Eigentlich sei das Pensionsalter noch nicht ganz erreicht, so die Pfarrerin. Zwei Jahre und vier Monate verblieben noch. Doch gesundheitliche Beeinträchtigungen und der Wunsch, noch eine gute Zeit mit der Mutter in Hechingen zu verbringen, führten zu der Entscheidung, den Dienst zu beenden. »Ich gehe mit einem lachenden und einem weinenden Auge.«
Vollstipendiat in Tübingen
Gerlinde Henrichsmeyer studierte ab 1980 im Vollstipendiat Theologie in Tübingen, wo sie auch ihr Examen ablegte, und zwei Semester in München. 1983 erlitt sie durch einen unverschuldeten Verkehrsunfall schwere Verletzungen und Knochenbrüche, deren Folgen bis heute nachwirken. Das Vikariat absolvierte sie in Großingersheim (Landkreis Ludwigsburg). Im September 1989 führte sie die Ausbildungszeit als »Pfarrerin zur Anstellung« in die Pliensau-Vorstadt in Esslingen.

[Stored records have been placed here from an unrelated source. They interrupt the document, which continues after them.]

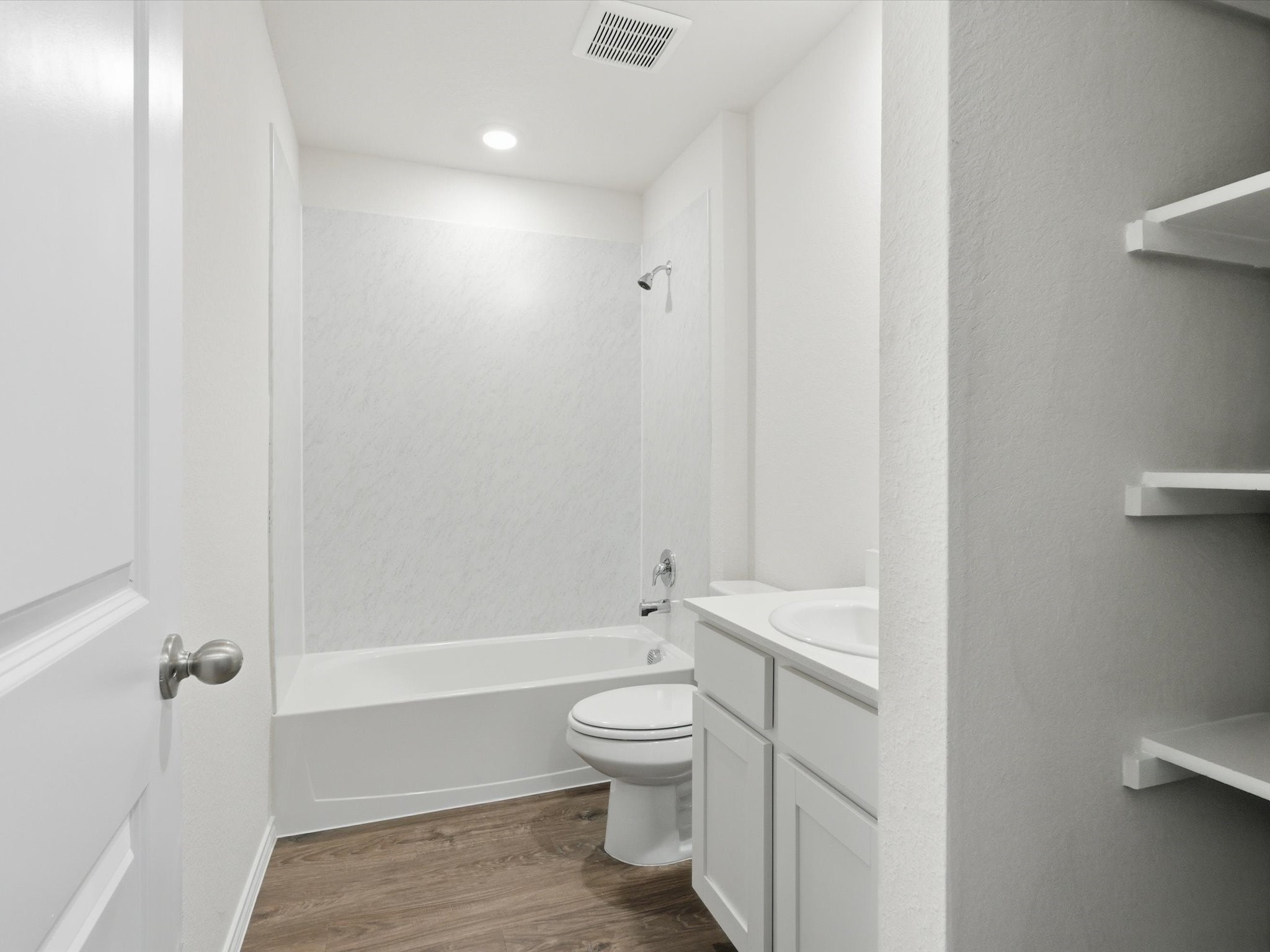 757 Tiger Lily Way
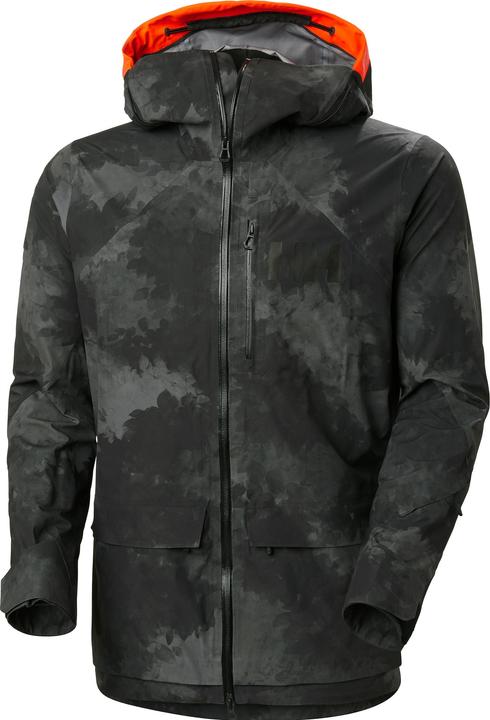 Image du produit Helly Hansen Veste Ridge Infinity Shell (L)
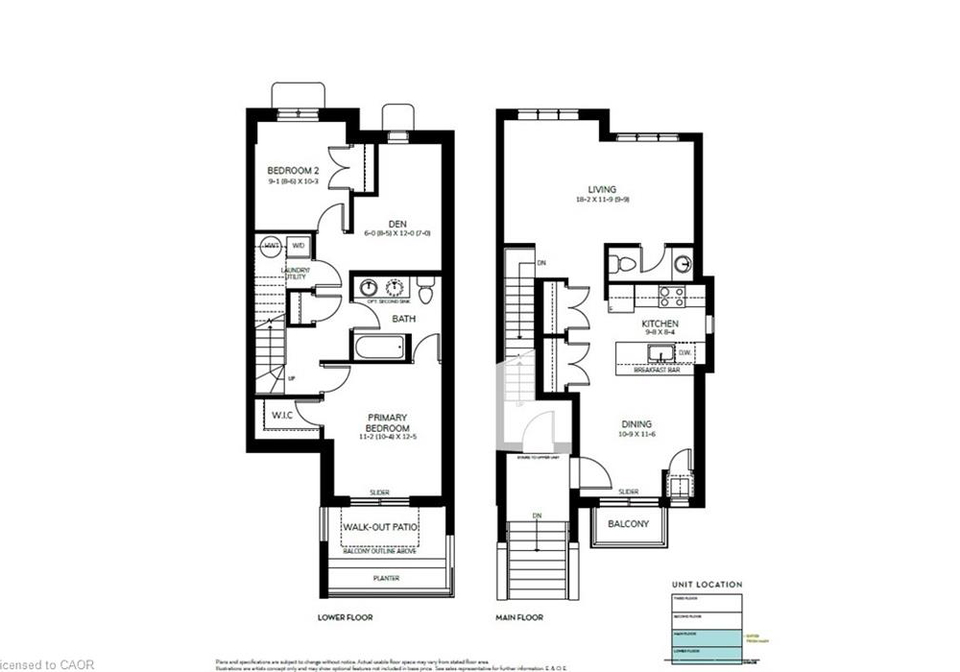 410-northfield-drive-w-waterloo-ontario-40832874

Ihre erste eigene Pfarrstelle erhielt sie 1993 in Rosenfeld (Zollernalbkreis), wo sie bis 2011 blieb. Ebenfalls im Wahlverfahren wurde sie 2011 Pfarrerin in Mittelstadt. Von 2013 bis 2015 war sie Ausbildungspfarrerin für eine Vikarin und zwei Praktikantinnen. Gerlinde Henrichsmeyer hat einen Sohn, der in Tübingen in Chemie promoviert.
Gute Zusammenarbeit in Mittelstadt
»Mich haben in Mittelstadt besonders die beiden jährlichen Kirchengemeindefeste - das Kirchplatzfest im Sommer und das Fest mit Maultaschenessen im November - beeindruckt«, schildert die Pfarrerin ihre ersten Eindrücke. »Das sind gute Gelegenheiten mit einer niedrigen Hemmschwelle, sich zu treffen.« Sehr positiv habe sie auch die Zusammenarbeit mit dem Kirchengemeinderat und die Gemeinschaft in den Teams gefunden, die auch bei anderen Ereignissen immer wieder zum Tragen kam.
So war der 100. Geburtstag der Martinskirche mit einer umfassenden Innenrenovierung verbunden. Lachend erzählt Gerlinde Henrichsmeyer von Events wie dem Auftritt einer Band in der leeren Kirche. Auch bei der späteren Außen- und Dachsanierung hätten sich viele eingebracht und leisteten auch ehrenamtliche Hilfe, wenn immer wieder Schäden durch Unwetter aufträten.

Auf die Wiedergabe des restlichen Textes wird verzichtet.